Hold the Dark by William Giraldi
Liveright Publishing / W.W. Norton & Company Ltd., $24.95, 203 pages, ISBN 978-0-87140-667-5
There’s an ongoing battle between humans and nature that is eternal in character and inevitable in prospect; Mother Nature always wins in the end. But that doesn’t mean we humans will ever stop trying—look anywhere on Earth and one can find places where men and women have built structures to keep out the elements.

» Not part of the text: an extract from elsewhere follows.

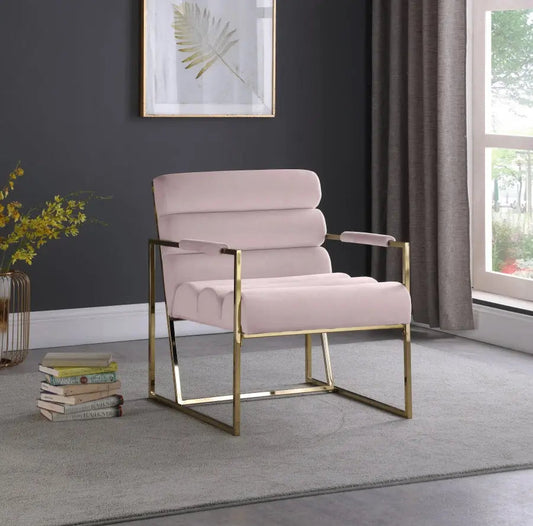 Meridian Furniture - Wayne Velvet Accent Chair In Pink - 526Pink - ATL FURNITURE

Hold the Dark, by William Giraldi takes place in the far north . . . in the extreme dark and cold of the Arctic winter . . . where it’s mankind versus the elements, and mankind is losing. Game is already scarce, winter just beginning and the wolves are starving. In the remote village of Keelut, wolves have taken three children, one of whom is the six year old son of Vernon and Medora Slone. He’s a sniper with the US Army, somewhere in the Middle East. She’s just trying to survive. When her son disappears, she calls in nature writer and wolf expert Russell Core—a sixty year-old burnout who’s trying to find a way to end his life—enlisting him to locate her boys bones so that they might be buried. While Core may be a wolf expert, he’s unprepared for the harsh conditions and subarctic temperatures at the top of the world . . . forcing him to borrow Vernon Sloan’s clothes. Russel Core sets out to track the wolf pack that stole the village children but can’t complete the task. He returns to Keelut to find Medora gone and a horror in the root cellar of her cabin. Wounded in battle, Vernon Sloan returns and together with his lifelong friend . . . a quiet and deadly man named Cheeon . . . begins a hunt for his wife that leaves a bloody smear across the frozen tundra before leading to a surprising, unforeseen and shocking conclusion that will have you thinking about the book long after you’ve finished reading it. What choices does one have to make in order to stay alive at the extreme edges of endurance, civilization and survival, where humans are just another species of animal trying to live one more day? What choices would you be forced into if you were locked in an icy heart of darkness? Hold the Dark is a short, but compelling read that’ll give each reader food for thought for some time to come.